What the task asks: Among the lines below, take the one holding "Thrombotic Microangiopathy", the one holding "Western Blotting (WB)", and all lines between them. Set them down exactly.

Record extracts:
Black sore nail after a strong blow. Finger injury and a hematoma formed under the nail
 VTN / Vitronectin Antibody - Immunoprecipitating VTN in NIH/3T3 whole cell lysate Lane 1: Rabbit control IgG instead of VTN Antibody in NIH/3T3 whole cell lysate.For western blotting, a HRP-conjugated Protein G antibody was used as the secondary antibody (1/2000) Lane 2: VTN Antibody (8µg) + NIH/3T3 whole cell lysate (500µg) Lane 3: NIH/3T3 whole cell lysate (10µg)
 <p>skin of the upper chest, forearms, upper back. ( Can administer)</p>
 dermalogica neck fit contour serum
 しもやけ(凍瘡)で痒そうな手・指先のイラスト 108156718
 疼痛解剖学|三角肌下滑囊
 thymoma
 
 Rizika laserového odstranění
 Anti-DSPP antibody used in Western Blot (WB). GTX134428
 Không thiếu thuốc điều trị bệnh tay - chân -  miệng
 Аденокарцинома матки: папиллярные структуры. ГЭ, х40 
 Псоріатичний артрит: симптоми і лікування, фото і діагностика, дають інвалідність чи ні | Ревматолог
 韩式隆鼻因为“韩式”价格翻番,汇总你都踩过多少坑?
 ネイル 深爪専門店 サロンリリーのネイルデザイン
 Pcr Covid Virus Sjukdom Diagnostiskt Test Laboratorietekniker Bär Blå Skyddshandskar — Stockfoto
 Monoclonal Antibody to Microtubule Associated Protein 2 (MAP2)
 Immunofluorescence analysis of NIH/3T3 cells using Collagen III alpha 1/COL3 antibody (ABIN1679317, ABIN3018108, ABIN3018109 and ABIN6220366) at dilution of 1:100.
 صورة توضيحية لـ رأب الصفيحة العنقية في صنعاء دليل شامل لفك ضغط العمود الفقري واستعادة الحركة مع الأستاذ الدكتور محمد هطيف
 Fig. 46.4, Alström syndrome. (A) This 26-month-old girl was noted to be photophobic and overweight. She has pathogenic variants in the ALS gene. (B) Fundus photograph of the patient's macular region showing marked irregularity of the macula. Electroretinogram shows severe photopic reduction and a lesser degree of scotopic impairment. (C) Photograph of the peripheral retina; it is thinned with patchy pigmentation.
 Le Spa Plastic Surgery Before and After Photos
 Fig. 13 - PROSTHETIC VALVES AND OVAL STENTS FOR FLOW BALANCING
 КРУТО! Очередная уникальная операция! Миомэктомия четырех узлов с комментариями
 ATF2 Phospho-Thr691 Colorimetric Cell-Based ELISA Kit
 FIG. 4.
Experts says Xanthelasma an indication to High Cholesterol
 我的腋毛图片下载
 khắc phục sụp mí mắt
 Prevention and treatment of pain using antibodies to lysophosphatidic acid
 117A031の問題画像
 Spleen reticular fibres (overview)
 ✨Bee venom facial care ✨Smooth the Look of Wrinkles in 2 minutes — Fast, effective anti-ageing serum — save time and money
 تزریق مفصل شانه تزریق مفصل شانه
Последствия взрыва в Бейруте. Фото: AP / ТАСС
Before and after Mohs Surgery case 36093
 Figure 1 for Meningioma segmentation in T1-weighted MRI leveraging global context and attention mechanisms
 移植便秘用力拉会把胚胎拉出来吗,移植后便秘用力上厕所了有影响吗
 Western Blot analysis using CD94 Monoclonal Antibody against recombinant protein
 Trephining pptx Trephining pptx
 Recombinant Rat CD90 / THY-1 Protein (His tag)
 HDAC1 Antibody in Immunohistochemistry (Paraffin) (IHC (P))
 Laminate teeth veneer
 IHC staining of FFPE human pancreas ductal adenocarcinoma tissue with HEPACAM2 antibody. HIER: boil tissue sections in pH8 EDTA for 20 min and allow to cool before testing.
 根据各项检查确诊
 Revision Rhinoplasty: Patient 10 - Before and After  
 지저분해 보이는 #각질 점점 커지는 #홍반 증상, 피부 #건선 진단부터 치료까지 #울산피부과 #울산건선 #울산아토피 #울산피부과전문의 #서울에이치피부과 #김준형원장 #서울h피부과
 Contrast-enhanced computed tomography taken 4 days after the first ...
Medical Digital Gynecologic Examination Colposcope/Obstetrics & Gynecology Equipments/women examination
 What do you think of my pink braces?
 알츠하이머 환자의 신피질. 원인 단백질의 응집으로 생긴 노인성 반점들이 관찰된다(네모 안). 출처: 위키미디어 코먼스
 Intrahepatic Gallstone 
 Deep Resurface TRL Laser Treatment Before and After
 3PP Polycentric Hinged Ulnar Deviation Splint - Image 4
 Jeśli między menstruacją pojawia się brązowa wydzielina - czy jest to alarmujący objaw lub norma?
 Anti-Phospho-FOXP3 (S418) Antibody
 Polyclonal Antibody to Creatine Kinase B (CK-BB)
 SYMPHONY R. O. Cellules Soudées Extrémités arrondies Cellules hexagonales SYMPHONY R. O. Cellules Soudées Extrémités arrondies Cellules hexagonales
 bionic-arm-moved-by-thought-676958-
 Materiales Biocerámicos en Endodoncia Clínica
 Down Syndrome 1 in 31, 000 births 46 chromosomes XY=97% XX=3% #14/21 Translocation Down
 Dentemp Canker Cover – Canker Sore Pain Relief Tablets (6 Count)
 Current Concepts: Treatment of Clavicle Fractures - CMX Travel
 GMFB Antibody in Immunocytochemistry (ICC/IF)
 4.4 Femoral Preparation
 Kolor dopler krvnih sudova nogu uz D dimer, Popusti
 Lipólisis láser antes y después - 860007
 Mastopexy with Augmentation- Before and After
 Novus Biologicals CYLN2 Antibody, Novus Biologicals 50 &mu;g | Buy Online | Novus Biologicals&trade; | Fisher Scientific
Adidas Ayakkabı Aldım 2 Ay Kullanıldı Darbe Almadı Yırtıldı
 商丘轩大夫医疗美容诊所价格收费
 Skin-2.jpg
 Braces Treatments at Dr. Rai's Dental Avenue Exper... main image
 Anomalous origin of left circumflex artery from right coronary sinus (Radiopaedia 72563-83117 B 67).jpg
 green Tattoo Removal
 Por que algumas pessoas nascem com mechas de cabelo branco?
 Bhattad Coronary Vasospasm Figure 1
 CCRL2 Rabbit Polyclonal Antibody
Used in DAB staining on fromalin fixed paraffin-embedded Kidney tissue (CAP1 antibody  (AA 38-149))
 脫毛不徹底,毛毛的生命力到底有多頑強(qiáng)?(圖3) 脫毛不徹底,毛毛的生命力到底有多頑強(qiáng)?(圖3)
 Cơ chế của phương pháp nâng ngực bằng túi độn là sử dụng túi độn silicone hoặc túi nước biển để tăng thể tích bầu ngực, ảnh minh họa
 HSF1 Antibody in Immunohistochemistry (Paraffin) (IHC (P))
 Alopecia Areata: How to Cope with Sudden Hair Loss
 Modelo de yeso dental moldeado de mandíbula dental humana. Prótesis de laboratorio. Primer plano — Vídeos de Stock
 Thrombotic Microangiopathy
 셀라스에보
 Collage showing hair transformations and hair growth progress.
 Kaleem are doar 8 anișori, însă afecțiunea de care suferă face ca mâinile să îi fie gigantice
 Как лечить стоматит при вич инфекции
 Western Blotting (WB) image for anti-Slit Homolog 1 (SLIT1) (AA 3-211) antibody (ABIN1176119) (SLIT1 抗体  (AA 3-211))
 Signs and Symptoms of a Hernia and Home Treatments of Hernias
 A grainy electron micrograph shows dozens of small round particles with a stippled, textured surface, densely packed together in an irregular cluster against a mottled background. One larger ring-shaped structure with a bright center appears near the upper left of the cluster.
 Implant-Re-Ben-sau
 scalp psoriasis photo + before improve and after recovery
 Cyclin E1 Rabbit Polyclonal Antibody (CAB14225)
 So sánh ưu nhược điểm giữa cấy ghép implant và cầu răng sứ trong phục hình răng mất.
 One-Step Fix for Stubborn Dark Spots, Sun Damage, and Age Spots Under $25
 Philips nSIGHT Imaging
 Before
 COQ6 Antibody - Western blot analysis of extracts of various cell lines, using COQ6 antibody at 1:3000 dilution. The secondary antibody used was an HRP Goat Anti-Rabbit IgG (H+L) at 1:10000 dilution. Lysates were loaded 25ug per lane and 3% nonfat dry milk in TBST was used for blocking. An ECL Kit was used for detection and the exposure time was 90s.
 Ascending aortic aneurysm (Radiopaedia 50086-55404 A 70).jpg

Written reply:
 Thrombotic Microangiopathy
 셀라스에보
 Collage showing hair transformations and hair growth progress.
 Kaleem are doar 8 anișori, însă afecțiunea de care suferă face ca mâinile să îi fie gigantice
 Как лечить стоматит при вич инфекции
 Western Blotting (WB) image for anti-Slit Homolog 1 (SLIT1) (AA 3-211) antibody (ABIN1176119) (SLIT1 抗体  (AA 3-211))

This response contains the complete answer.